A estas alturas, ¿hay alguna posibilidad de hacer viajes diferentes? Sí, claro, desplazándose en moto, en solitario, por Marruecos, y sin herramientas digitales. Lo he puesto en práctica y el resultado han sido nueve días intensos, disfrutando y padeciendo carreteras, paisajes y ciudades.
Sentado frente a un “tajine” de pollo en el Grand Socco de Tánger, recapitulo sobre el primer día de viaje. Había salido de casa antes del amanecer, con el objetivo de llegar al puerto de Tarifa a tiempo para abordar el barco que zarpa a las 17:00 h. Y conseguí plantarme en el puerto a las 14:40 h, eso sí, sin comer y con dolores en los hombros y los brazos en el último tercio del viaje. La posición erguida de las motos trail viajeras y el haber perdido la costumbre de los viajes largos en moto me hicieron pagar ese peaje de incomodidad. A cambio, y gracias al más que amable empleado de la naviera FRS, modificamos las tarjetas de embarque y subí al barco de las 15:00 h. Una hora más tarde, que por el cambio de hora con Marruecos eran de nuevo las 15:00 h, mi moto y yo salimos de la bodega del barco, y bajamos la rampa de popa para toparnos, una vez más, con la realidad de la burocracia africana: el policía de aduanas que me había atendido a bordo se olvidó de poner un sello, yo no me había dado cuenta, y el policía del puerto no nos dejaba pasar. La solución pasó por subir la rampa del barco, dejar la BMW en la bodega, localizar un policía a bordo, conseguir el sello que faltaba, volver a la bodega, bajar de nuevo la rampa y, con los papeles ya en regla y los pasajeros del viaje de regreso ya embarcando, entrar en Tánger.

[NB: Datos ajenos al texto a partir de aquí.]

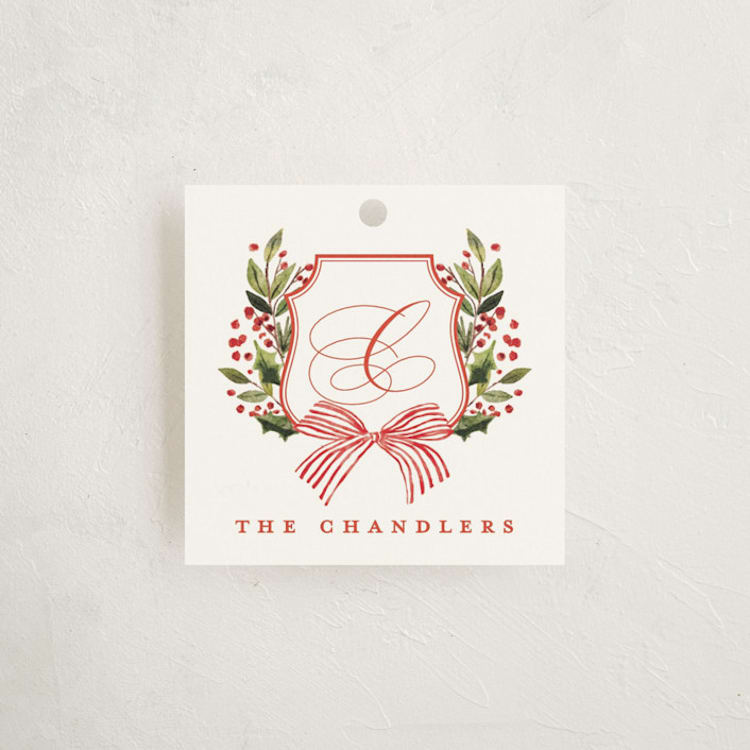"Classic Merry Crest" - Gift Tags in Holly Berry by Brooke Chandler - Front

Mi moto tiene una pantalla digital que, mediante una conexión Bluetooth, se comunica con el teléfono móvil, en el que está descargada la aplicación de BMW, que incorpora un programa de navegación. Como había decidido que este iba a ser un viaje analógico, en lugar de limitarme a seguir la flecha del navegador durante nueve días, hice otra cosa. Mi mochila cargaba con un ejemplar en papel del mapa Michelin 742 y una edición también en papel de la guía Lonely Planet de Marruecos, que incluye un pequeño plano del centro de Tánger, D
urante el trayecto en el barco localicé las ubicaciones del puerto y del hotel en el que había hecho una reserva. Mi cerebro tiene una función de orientación y otra de memoria, que se comunican entre sí; con la primera estudié el recorrido, incluyendo algunos puntos intermedios, y guardé esos datos en la segunda función de mi cerebro. Y de ese modo tan natural, la moto cargada y yo nos sumergimos en el tráfico de Tánger, que sigue siendo el tradicional de Marruecos, aunque en versión modernizada.
Un viajero veterano me había prevenido sobre el asfalto marroquí de la zona: brillante, gris claro por desgastado, lo que significa poco agarre. Solo que iba tan concentrado en no perderme en mis primeros minutos por Tánger que, cuando encontré justo la calle que subía del paseo marítimo al bulevar Pasteur, y abrí gas sin darme cuenta de que había un charco, aprendí una lección que me iba a venir muy bien para el resto del viaje. No, no me caí, pero por un instante cada rueda de la moto y mi intención apuntaban a un lado, y cuando entre el control de tracción y mi subconsciente unificaron el criterio de los tres, tenía claro que en los próximos días el tacto de mi mano derecha debía ser tan delicado como el de un neurocirujano.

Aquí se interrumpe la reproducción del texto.